Бусырин знал о влечении Чибисова к писательству. «Походил бы к нам в литгруппу, Антон Егорович, которая при редакции. Может, польза была бы, а? — заговорил он как–то. — У нас народ серьезный собирается. Даже твои инженеры есть. О рабочих уж и не говорю. Много рабочих, человек пятнадцать. Врачиха ходит, один товарищ из райкома партии — заведующий отделом, учителей несколько. Наши журналисты. Компания, в общем, неплохая, тебе зазорно не будет». — «Не, не пойду. Не с чем. Там ведь, наверно, разбирают, кто что написал? А у меня разбирать нечего. У меня одни намерения. Не, не выйдет. Кому, друг мой, что на земле определено господом богом, тот пусть то и делает».
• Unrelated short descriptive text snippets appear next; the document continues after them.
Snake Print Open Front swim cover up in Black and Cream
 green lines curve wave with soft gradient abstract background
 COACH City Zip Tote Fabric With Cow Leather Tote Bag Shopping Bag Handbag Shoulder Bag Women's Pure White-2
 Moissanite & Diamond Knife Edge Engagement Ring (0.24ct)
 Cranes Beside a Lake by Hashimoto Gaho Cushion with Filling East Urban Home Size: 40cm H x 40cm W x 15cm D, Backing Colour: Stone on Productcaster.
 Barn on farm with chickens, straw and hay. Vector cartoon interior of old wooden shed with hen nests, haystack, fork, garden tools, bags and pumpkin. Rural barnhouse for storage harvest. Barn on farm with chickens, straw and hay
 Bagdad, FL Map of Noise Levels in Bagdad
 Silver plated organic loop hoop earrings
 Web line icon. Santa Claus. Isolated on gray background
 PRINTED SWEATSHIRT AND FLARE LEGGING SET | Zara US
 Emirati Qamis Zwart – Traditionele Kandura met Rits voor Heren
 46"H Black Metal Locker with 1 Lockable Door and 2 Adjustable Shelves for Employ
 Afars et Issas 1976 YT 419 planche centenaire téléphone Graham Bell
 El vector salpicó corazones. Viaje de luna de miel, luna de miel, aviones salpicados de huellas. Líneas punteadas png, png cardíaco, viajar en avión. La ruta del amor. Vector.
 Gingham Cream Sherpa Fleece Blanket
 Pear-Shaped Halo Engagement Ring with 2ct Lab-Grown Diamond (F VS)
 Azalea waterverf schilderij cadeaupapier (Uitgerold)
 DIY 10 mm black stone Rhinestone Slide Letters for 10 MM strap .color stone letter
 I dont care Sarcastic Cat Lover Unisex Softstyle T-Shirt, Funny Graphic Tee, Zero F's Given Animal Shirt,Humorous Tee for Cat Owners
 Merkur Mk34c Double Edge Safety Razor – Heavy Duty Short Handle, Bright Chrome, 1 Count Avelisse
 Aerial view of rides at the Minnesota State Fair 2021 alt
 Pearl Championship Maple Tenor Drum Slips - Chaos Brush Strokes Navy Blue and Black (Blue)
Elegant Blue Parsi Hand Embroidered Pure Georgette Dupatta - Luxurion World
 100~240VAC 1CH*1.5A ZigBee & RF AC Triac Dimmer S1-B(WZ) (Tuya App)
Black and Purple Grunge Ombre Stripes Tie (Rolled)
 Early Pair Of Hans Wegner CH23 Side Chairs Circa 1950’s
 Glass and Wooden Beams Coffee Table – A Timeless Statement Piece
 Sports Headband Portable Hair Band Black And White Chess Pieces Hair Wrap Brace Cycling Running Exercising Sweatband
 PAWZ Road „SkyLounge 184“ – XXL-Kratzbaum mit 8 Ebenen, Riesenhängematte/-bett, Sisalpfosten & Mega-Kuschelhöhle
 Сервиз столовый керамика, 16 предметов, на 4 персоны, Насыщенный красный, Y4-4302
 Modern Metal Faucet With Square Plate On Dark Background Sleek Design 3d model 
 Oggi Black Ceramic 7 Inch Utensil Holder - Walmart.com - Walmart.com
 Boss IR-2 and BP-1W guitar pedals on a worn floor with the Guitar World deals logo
Пройдя по заводу, Чибисов возвратился в заводоуправление, к себе в кабинет. Редактор газеты Бусырин был легок на помине. Только Чибисов уселся в кресло, раздался звонок из редакции.
— Антон Егорович, здравствуй! — заговорил Бусырин. — Жалуются, дорогой мой, на тебя.
— А на меня каждый день жалуются, Федор Федорович. Привык. Иммунитет приобретать начал.
— Это хорошо, что у тебя такое боевое настроение. Но дело, должен предупредить, серьезное. Один инженер пишет про тебя, Антон Егорович, вот как, послушай: «Если даже оставить в стороне тот факт, что предложение мое имеет огромную ценность и принесет миллионы рублей экономии, нельзя остаться спокойным к тому, как Чибисов обращается с людьми. Я рассказывал ему о своем предложении, волновался, душу изливал, а он тупо сидел в своем директорском кресле, смотрел на меня оловянными, пустыми глазами заевшегося вельможи».